A couple of examples why solving hard problems can be costly.
The first involves a program that is developed to back up customer records from host A to host B. After an initial full backup, only the deltas (changes) are sent, however the protocol used to send the changes is not guaranteed to send the changes in the same order in which the changes were made. This means that situations where a record was edited and then deleted on host A could result in the record being deleted on host B and then a stale edit being applied. This problem isn’t so bad as long as host B can robustly handle attempts to access invalid records. However a more pathological case to consider is where a record on host A is deleted and then the exact same record is re-added. On host B, this could manifest as an addition of a duplicate record, which would be ignored, and then a deletion of a record. The result is that a record on host A would not appear on host B when the backup was run. Assume that the cost of changing the protocol is very high.
Before attempting the complicated step of re-designing the communication protocol or the change logic to ensure proper ordering of events, one should consider how often this particular case will occur in common usage. If the case is common, then a more robust solution may be required. If the case occurs or is expected to occur very infrequently, then a more practical approach would be to clearly document the scenario and describe its impact. In this case in question, if a second backup is run before any further edits are done to the record on host A, then the data on host A and host B will be synchronized. If the cost of running two sequential backups is small, that might be the better solution.
The second example is to do with two communications systems that need to allow users of each to have access to users from the other. They are currently incompatible, but serve a similar function. An engineer notes that a proxy method could be used to translate the protocol used by the first system into equivalent primitives on the protocol used by the second system. While this solution might have the lowest cost at first blush, it is likely to be the most complicated. Proxying two protocols could exponentially increase the number of error conditions in the combined system. This will make design, development and debugging more time consuming and costly. The total cost of ownership will increase. Even more insidiously, this solution appears very simple even though it is not. Business types, executives and even some engineers, will dramatically under-estimate the timeframe and cost of deployment.
An alternative approach would be to give the clients of one of the communications system direct access to the other.

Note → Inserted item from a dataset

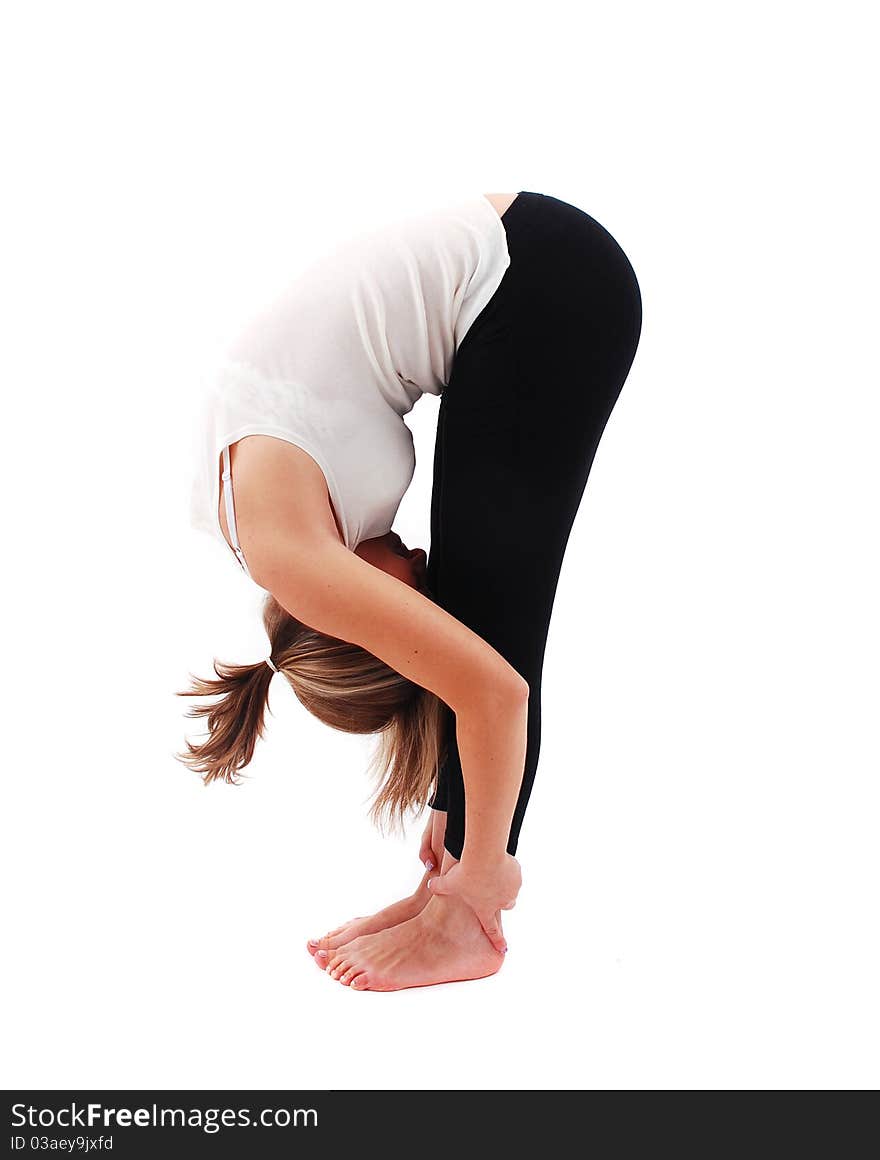 Beautiful girl practicing yoga on white background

While this solution might appear less attractive, because end users will have to use one interface for each system, the ultimate recurring cost may be lower. In order to evaluate this approach, one would have to consider the cost of deploying the solution and training the user base.
Both of the scenarios above were based on real-world business decisions I was involved in over the last year, and I am happy to say that reason won out both times. The key point to drive home is that complicated technical solutions often have hidden costs, so do your homework before jumping to a conclusion.